When you repeat the listing below, keep every word exactly and leave out each picture.

__________

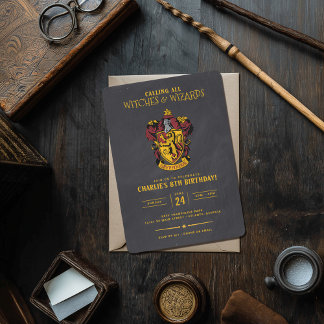 Harry Potter Birthday | Grauffindor-Halbpension Einladung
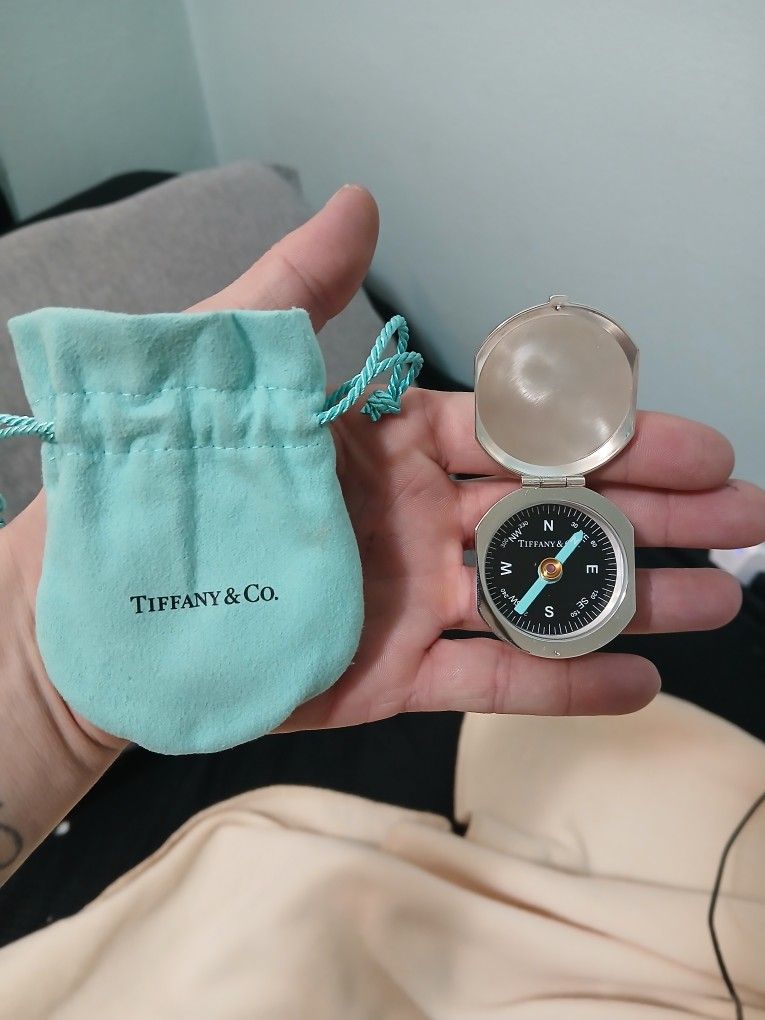 Tiffany Co 925 Sterling Silver Compass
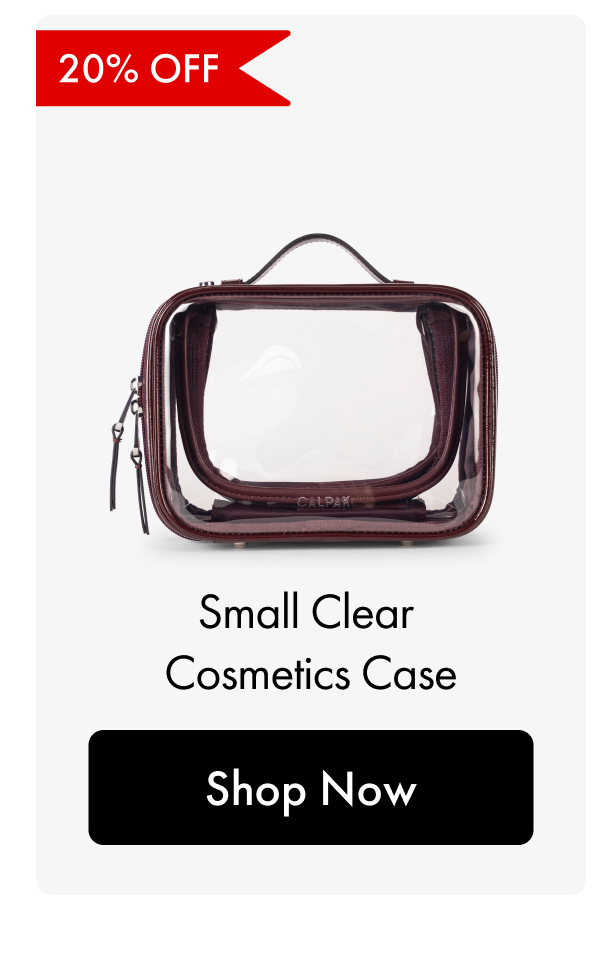 20% OFF | Small Clear Cosmetics Case | Shop Now
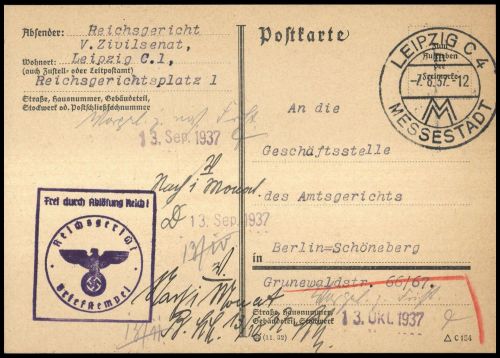 Deutsches Reich, Brief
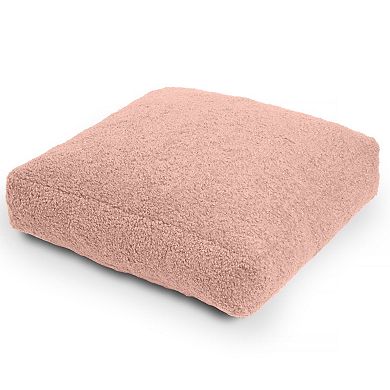 Jaxx Brio Large Décor Floor Pillow / Meditation Yoga Cushion, Shearling Faux Lamb
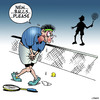 Cartoon: New balls (small) by toons tagged tennis,balls,testicles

__________

RESULT OF THE TASK:
 Harry Potter Birthday | Grauffindor-Halbpension Einladung
 Tiffany Co 925 Sterling Silver Compass
 20% OFF | Small Clear Cosmetics Case | Shop Now
 Deutsches Reich, Brief
 Jaxx Brio Large Décor Floor Pillow / Meditation Yoga Cushion, Shearling Faux Lamb
 Cartoon: New balls (small) by toons tagged tennis,balls,testicles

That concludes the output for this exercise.